This Week In Techdirt History: July 23rd – 29th

from the stuff-that-happened dept

Five Years Ago

This week in 2012, we started out by reporting on something that happened late on the previous Friday: the feds admitted that they violated the fourth amendment with their surveillance programs. We noted how Congress had lost all perspective with its moves to prosecute journalists as if they were spies, and that it was worrying how the Senate Intelligence Committee seemed more interested in stopping whistleblowers than figuring out why they blew the whistle. Meanwhile, the ACLU lost a fight to get the courts to recognize common sense and agree that widely published leaked documents should no longer be treated as classified.

Ten Years Ago

This week in 2007, the RIAA was continuing its push to get radio stations to pay up for playing music by finding people to claim that radio play makes people buy less music.

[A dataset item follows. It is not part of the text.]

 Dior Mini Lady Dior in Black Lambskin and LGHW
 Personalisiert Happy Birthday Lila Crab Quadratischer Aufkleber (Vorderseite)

Meanwhile, a disturbingly RIAA-friendly change snuck into the Higher Education Reauthorization Act, potentially cutting funding from schools that don’t filter P2P traffic (but was thankfully pulled soon after). The UK government, amidst various forms of copyright insanity, at least realized that extending copyright durations on 50-year-old songs was pointless. And the EFF kicked off a now-famous legal battle when it sued Universal Music for issuing a YouTube takedown over a clip of a little kid dancing to music.

Fifteen Years Ago

This week in 2002, we saw one of the most insane attempts to prop up Hollywood of them all: a bill that would exempt them from hacking laws in their expeditions to find pirates was introduced in Congress. Meanwhile, the huge uncertainty caused by recent changes to royalty rates was threatening the future of webcasters, leading to a bill being introduced to save them. And a silly Texas company that had turned itself into a JPEG patent troll got some serious pushback from the ISO standards body.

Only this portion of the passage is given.